Abraços - tudo se inflama,
                              Arde amor numa fogueira.             (A. Ramos)

1939 
  Desde que à fonte sorriste
Inda ninguém descobriu
Se chora porque fugiste,
                                         Se canta porque te viu...          (Nicolau Eusébio)

1981 
Não há fogueira sem lume, 
Profecias sem profetas,
Não há amor sem ciúme
                            Nem S. João sem poetas.             (Marujo) 

1982 
Na noite de S. João,
As juras de amor fiel,
São bolinhas de sabão
                                     E barquinhos de papel!                (Comicala) 

1985 
Dei-te um pé de manjerico,
Custou-me um dia sem pão...
- tripeiro que não é rico
Faz das tripas coração!... 

1987 
Teu seio, a medo, tocado,
Na noite de S. João,
Ficou-me sempre moldado,
                                     Na concha da minha mão!          (Manuel Corgo) 

1989 
A nossa rusga é modesta
Mas lá vai toda contente,
Mostrando dentro da festa
                                 Que a festa é dentro da gente!           (Benamor) 

2002 
Menina, tome cuidado
Nesse seu passo de dança...
Nem sempre um passo mal dado
                                    Acaba numa aliança.                     (Olho Vivo) 

2012 
Trevos de sorte não colhas
Na noite de S. João;
A sorte que vês nas folhas,
                             Pode bem ser ilusão!...             (Fátima) 

E já agora mais três quadras belíssimas: 

É noite de S. João 
E em cada rua modesta 
Cada pedaço de chão 
                              É um pedaço de festa.           (João Humilde) 

A roda do nosso abraço 
Tem um sentido profundo 
Quanto mais se aperta o laço 
Tanto mais se alarga o mundo. 

Ao pé do trevo colhido 
Temos outro por colher 
Um, é o tempo vivido 
Outro, o que está p’ra viver




Venda de cabritos de S. João – foto JN


A sardinha assada com broa e o cabrito assado são os petiscos mais tradicionais desta noite.


1988 - foto JN


A fogueira é um dos traços comuns que une esta festa em toda a Europa. 
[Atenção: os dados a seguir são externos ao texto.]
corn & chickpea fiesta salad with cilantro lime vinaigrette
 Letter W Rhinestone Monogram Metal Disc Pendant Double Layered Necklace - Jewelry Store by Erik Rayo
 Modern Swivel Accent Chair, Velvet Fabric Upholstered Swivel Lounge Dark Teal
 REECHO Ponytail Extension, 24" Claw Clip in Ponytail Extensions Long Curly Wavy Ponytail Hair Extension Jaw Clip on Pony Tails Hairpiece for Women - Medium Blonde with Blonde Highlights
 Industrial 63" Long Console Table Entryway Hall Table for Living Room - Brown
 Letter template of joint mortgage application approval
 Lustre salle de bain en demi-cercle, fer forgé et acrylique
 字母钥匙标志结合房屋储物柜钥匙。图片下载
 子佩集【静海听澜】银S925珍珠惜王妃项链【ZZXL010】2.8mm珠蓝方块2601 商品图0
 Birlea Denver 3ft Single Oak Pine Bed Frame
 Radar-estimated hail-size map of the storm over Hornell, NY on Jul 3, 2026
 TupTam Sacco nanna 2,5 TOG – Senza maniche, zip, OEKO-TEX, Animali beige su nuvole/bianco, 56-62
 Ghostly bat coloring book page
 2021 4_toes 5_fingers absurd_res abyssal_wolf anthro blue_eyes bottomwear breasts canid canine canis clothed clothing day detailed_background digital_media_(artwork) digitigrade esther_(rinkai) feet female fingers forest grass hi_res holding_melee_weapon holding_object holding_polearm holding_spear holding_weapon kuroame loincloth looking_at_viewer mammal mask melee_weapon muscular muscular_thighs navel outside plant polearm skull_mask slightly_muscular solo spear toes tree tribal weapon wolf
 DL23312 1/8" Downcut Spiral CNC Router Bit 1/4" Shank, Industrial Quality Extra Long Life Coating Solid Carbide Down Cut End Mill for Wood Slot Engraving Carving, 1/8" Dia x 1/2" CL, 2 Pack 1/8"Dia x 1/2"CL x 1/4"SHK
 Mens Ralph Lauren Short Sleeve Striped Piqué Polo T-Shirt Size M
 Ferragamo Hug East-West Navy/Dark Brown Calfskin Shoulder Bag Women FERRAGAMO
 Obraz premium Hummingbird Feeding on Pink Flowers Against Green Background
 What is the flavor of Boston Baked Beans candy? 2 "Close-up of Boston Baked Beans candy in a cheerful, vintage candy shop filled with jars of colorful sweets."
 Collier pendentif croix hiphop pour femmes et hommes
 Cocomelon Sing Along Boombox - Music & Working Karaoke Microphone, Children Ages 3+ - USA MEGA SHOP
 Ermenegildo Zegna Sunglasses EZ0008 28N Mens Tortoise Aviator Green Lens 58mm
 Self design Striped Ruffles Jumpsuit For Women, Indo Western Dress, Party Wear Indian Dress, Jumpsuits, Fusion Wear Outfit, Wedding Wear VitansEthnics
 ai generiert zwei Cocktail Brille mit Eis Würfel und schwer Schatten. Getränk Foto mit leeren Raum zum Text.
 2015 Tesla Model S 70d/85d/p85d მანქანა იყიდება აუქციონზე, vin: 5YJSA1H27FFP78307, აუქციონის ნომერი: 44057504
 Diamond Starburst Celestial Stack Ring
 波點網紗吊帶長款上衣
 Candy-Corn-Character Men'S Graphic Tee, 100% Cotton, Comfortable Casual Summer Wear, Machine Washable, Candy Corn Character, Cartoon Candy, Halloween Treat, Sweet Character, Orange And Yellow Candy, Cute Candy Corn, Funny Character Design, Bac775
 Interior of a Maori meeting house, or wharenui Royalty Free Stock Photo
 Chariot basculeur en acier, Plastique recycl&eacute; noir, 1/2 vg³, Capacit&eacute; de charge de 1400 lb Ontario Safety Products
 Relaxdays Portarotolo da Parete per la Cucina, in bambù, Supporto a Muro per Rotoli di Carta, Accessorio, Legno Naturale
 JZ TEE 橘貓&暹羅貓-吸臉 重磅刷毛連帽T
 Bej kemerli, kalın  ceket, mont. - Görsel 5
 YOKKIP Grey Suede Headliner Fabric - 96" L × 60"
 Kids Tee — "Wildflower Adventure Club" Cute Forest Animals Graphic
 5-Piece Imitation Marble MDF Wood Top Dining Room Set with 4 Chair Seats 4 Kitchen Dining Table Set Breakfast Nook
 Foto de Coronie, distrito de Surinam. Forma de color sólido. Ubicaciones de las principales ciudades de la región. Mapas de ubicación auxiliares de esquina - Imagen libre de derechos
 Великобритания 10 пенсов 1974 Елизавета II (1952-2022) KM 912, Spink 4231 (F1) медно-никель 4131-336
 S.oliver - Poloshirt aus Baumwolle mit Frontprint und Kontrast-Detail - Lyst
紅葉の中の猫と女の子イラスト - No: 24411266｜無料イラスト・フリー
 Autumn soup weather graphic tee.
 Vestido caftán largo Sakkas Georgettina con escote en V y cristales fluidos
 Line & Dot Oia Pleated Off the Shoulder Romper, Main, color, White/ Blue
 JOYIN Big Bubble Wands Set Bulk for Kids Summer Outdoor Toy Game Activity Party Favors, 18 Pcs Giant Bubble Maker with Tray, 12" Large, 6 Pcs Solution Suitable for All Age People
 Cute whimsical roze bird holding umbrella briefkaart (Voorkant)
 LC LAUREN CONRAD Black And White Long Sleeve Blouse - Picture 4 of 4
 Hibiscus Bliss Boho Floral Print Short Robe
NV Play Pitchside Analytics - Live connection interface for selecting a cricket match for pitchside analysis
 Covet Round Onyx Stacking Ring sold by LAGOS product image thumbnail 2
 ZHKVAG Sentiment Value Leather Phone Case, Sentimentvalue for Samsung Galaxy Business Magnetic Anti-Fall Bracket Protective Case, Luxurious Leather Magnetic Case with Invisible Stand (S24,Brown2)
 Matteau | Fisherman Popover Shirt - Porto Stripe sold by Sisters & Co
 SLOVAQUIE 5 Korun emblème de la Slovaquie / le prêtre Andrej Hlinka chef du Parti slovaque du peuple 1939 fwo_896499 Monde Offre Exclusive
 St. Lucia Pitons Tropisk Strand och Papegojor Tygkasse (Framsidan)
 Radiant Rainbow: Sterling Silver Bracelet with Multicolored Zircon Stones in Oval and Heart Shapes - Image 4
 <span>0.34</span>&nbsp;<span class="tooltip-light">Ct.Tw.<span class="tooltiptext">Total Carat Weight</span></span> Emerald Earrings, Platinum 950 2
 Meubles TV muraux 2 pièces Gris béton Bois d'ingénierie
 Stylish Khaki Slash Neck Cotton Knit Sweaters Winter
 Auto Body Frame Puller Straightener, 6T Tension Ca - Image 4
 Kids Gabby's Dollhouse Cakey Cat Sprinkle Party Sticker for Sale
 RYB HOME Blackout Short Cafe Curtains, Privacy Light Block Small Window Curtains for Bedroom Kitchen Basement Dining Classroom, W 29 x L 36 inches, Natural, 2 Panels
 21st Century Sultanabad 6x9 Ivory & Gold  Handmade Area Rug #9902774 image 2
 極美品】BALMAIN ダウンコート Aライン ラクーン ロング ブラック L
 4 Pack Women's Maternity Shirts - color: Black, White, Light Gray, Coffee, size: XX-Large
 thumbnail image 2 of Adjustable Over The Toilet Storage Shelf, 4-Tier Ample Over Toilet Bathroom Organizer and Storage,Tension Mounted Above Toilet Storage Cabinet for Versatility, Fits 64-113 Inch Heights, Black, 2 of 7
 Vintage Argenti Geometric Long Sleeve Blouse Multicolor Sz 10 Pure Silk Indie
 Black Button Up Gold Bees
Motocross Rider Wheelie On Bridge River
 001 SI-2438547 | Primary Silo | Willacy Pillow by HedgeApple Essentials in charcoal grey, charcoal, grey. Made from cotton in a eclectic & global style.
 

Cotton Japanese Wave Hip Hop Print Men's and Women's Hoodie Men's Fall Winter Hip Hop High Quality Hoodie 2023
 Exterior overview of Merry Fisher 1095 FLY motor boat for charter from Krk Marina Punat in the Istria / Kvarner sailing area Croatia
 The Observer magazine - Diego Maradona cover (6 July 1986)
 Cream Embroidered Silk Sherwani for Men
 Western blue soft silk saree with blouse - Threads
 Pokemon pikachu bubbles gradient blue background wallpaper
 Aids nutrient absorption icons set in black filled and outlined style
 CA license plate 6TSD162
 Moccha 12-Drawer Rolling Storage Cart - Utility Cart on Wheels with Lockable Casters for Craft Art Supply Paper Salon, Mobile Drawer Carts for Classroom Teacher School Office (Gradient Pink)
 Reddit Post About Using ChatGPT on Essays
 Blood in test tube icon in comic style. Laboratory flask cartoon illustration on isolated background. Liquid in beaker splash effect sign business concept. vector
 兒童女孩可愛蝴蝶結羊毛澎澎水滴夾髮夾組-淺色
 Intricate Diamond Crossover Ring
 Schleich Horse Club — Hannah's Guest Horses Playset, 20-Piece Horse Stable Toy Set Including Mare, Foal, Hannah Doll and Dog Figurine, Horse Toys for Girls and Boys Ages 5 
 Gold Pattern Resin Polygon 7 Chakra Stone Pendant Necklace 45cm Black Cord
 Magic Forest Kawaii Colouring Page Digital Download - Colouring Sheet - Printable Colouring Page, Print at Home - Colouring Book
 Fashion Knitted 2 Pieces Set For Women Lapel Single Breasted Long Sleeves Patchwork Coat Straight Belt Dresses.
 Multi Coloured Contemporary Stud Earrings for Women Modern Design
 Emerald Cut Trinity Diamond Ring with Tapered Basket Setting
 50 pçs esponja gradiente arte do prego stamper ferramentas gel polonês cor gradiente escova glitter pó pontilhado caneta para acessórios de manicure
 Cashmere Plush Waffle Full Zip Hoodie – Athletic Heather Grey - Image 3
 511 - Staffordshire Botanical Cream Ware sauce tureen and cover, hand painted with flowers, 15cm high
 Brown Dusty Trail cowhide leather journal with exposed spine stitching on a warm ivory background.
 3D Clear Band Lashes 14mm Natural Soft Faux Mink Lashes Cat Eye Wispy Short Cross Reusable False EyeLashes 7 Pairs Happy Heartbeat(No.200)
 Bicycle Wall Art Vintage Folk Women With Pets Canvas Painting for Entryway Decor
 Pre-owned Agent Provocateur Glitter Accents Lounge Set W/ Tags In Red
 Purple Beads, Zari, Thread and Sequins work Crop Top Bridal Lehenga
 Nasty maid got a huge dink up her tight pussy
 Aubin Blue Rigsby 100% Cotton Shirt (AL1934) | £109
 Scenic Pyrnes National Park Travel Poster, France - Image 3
“A tradição das fogueiras de São João está relacionada com o ancestral culto do Sol, em que o fogo simboliza o poder purificador e fertilizante. O saltar da fogueira está estreitamente ligado à saúde, ao acasalamento e à fecundação”. In Infopédia


1966 - foto JN




1992 – foto JN

Os vasos de manjericos com uma quadra são uma presença constante nesta grande festa.